There's such a thing as over-communicating
I lost count of the number of times Powell tried to walk back on his comments in his press conference yesterday and at one point when he started talking about rate hikes again, you knew it was failure in communication in many aspects.
There's no doubt that the reporter questions were designed to flesh out something more juicy from Powell but in his best efforts to not take the bait, he gave out a frantic message by not wanting to dive into the "insurance cut" vs. easing cycle debate.
That said, he did leave clues and some things for what we should expect from the Fed moving forward and I'll try to keep my thoughts short and concise:
1. The Fed isn't looking at the start of an easing cycle
Powell made this clear when he flip-flopped on remarks about a "one and done" when he claimed that they aren't intending to aggressively ease but at the same time the rate cut yesterday may not necessarily be a "one and done" matter as well.
At this stage, it is merely to "insure" but any future decisions will be aimed to "sustain the economic expansion". In short, the Fed will take a more reactive approach rather than a proactive one moving forward.
2. The 25 bps rate cut is merely an "adjustment"
He made this more clear in the early part of his speech when he spoke about the move being a "mid-cycle adjustment" and said that there was "an insurance aspect" to cutting rates yesterday. That tells you all you need to know about his view on the matter.
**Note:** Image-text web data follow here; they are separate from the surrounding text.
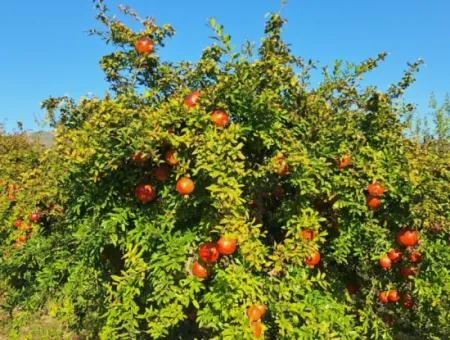 Ortaca Eskiköyde 48 Dönüm Nar Tarlası Satılık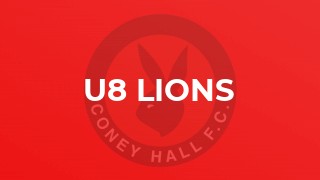 U8 Lions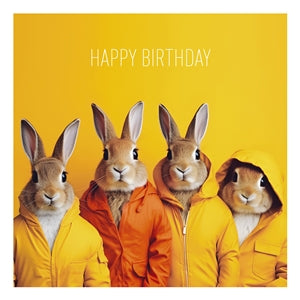 Birthday Bunny Card 16cm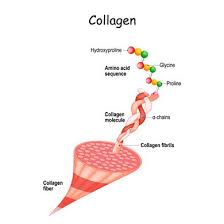 collagen physiopedia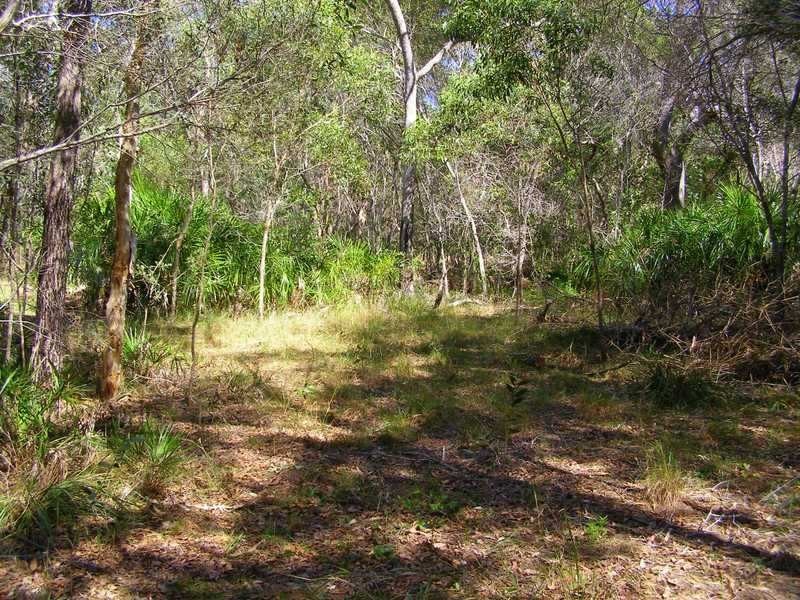 Lot 489 Wilson Drive, Agnes Water QLD 4677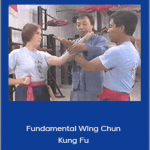 Augustine Fong - Fundamental Wing Chun Kung Fu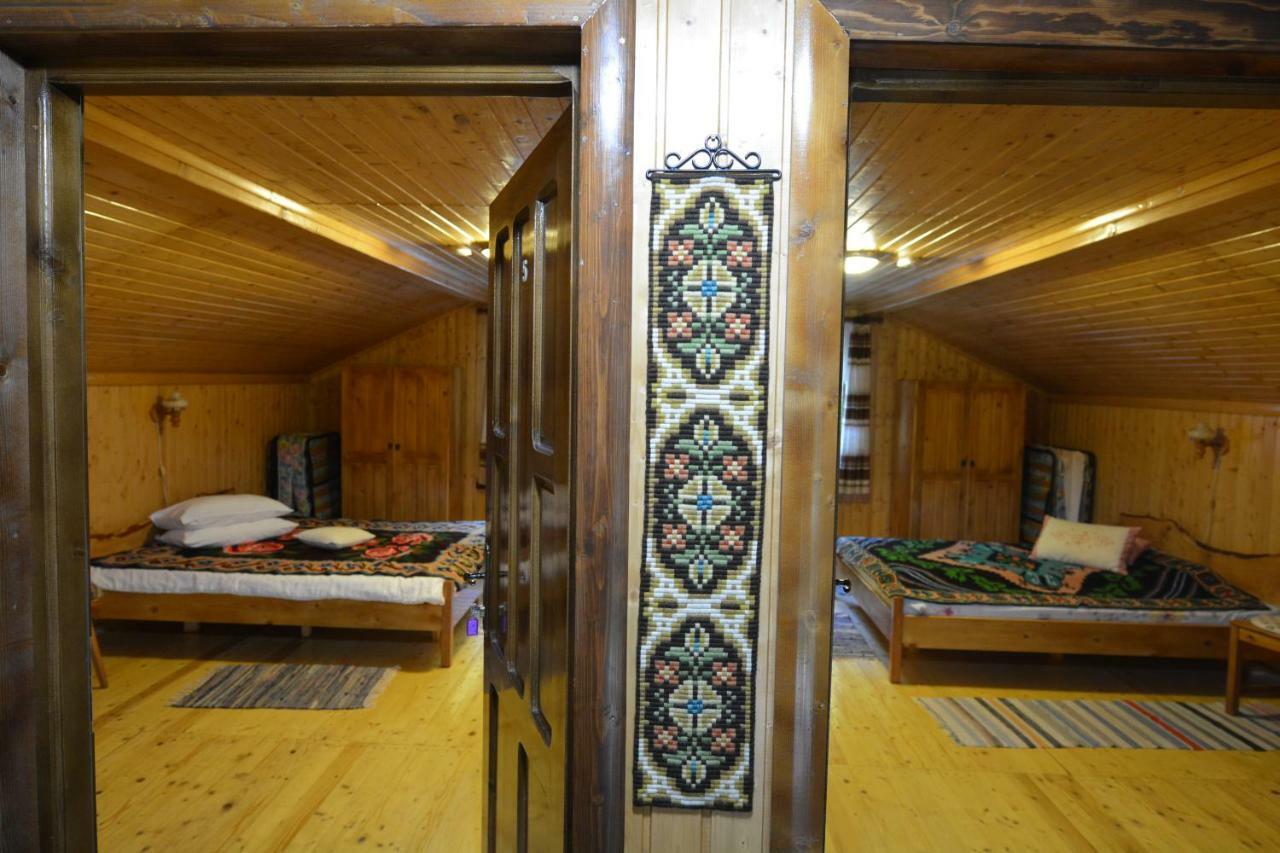 Pensiunea Lupul Dacic Costeşti Extérieur photo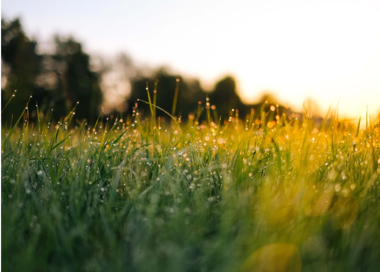A field of grass.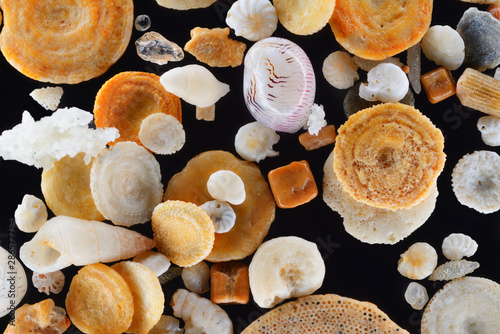 Extreme close-up of coral sand grains photo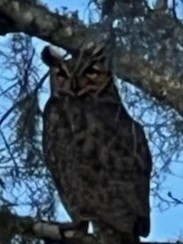 Great Horned Owl - ML615649281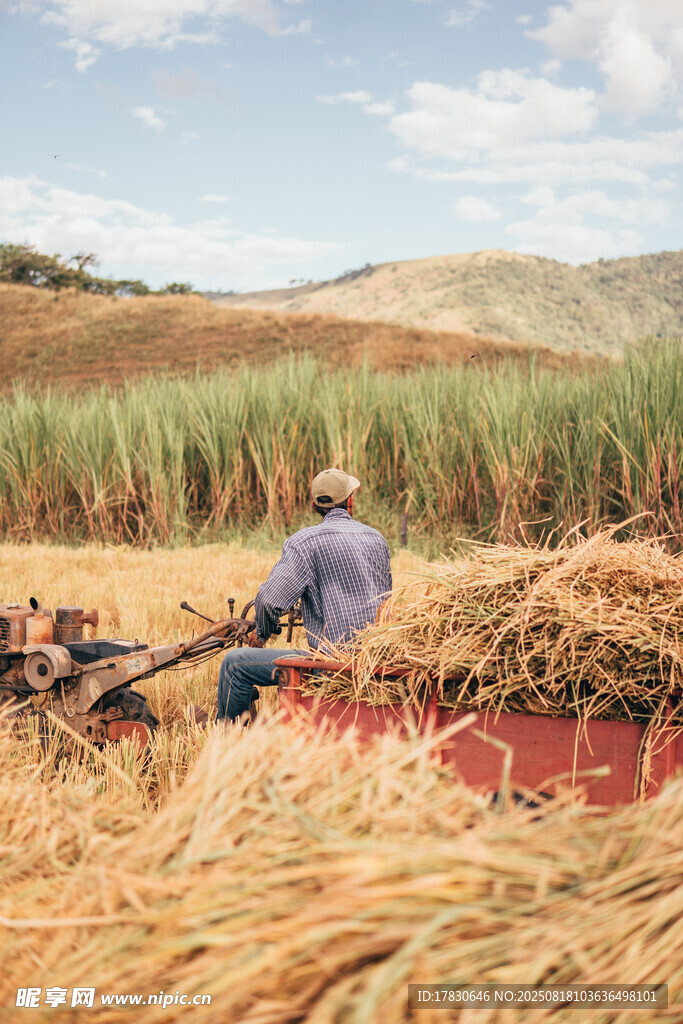 农民田间驾驶农机收割作物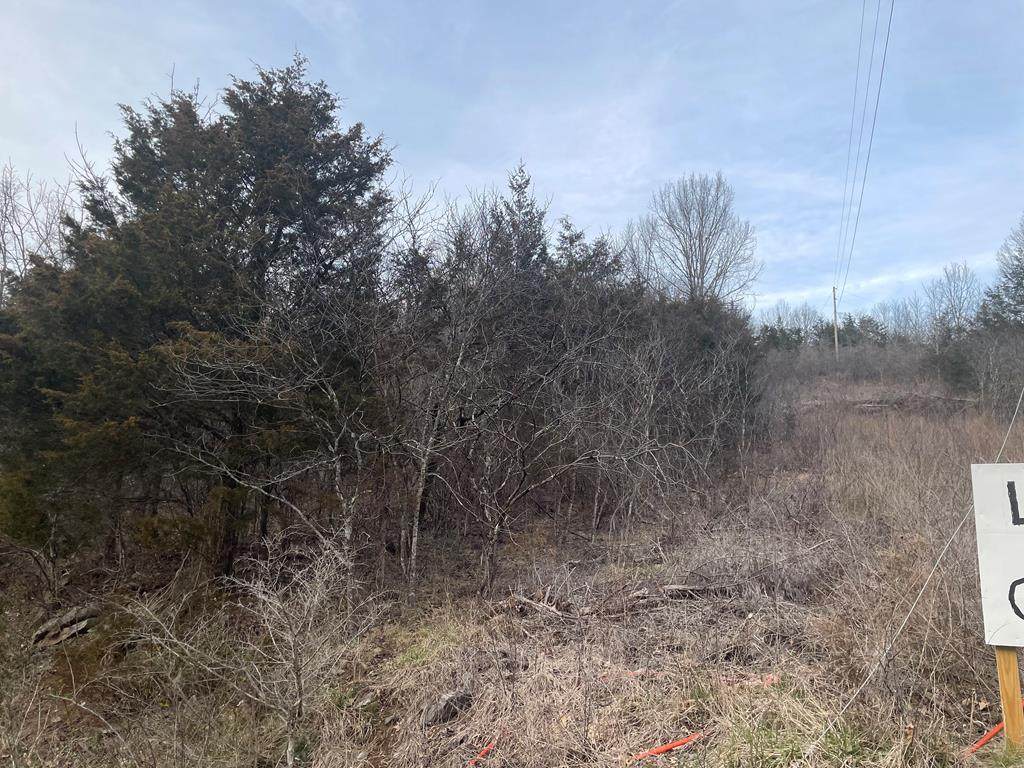 TBD Martin Farm Rd - Photo 1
Although he tried to walk back on it a little as mentioned above, it couldn't have been clearer and with two Fed members even dissenting, it's hard to see the appeal for more "adjustments" unless economic data deteriorates significantly in the coming months.
3. Data, data, data...
Any future rate cut(s) will depend on how economic data evolves. So, the Fed is essentially back to being data dependent and will only act when the data suggests that it should.
Going by what we're seeing so far, I reckon there's not much need for another cut but we'll see how things go in the coming weeks ahead of the September meeting.
Either way, the door for a series of rate cuts to follow after this one isn't wide open by any means but at least there's a small gap there.
So, what does this all mean for the dollar?
In short, unless economic developments suggest that the Fed should be cutting rates more (which in my view, they still don't) then there is little scope for the dollar to weaken considerably if you consider what is happening elsewhere:
Europe: Economic growth slowing, ECB to ease more aggressively in September
UK: Economy flirting with a recession, Brexit worries continue to mount
Australia: Inflation still missing target, economic conditions slowing, RBA set to cut in Q4
New Zealand: Economic worries continue, RBNZ rate cut cycle set to continue
The loonie is one of the exceptions as the Canadian economy is still holding up well while the yen and franc are traditional haven currencies so I would look past those when assessing the dollar's position in light of a global economic slowdown.
But when you consider what is happening elsewhere above, the dollar remains the best of a bad bunch still and with the Fed keeping yields propped up and the US economy set to outperform its peers, it's tough to argue for the dollar to weaken as long as the market focus continues to rest on these issues.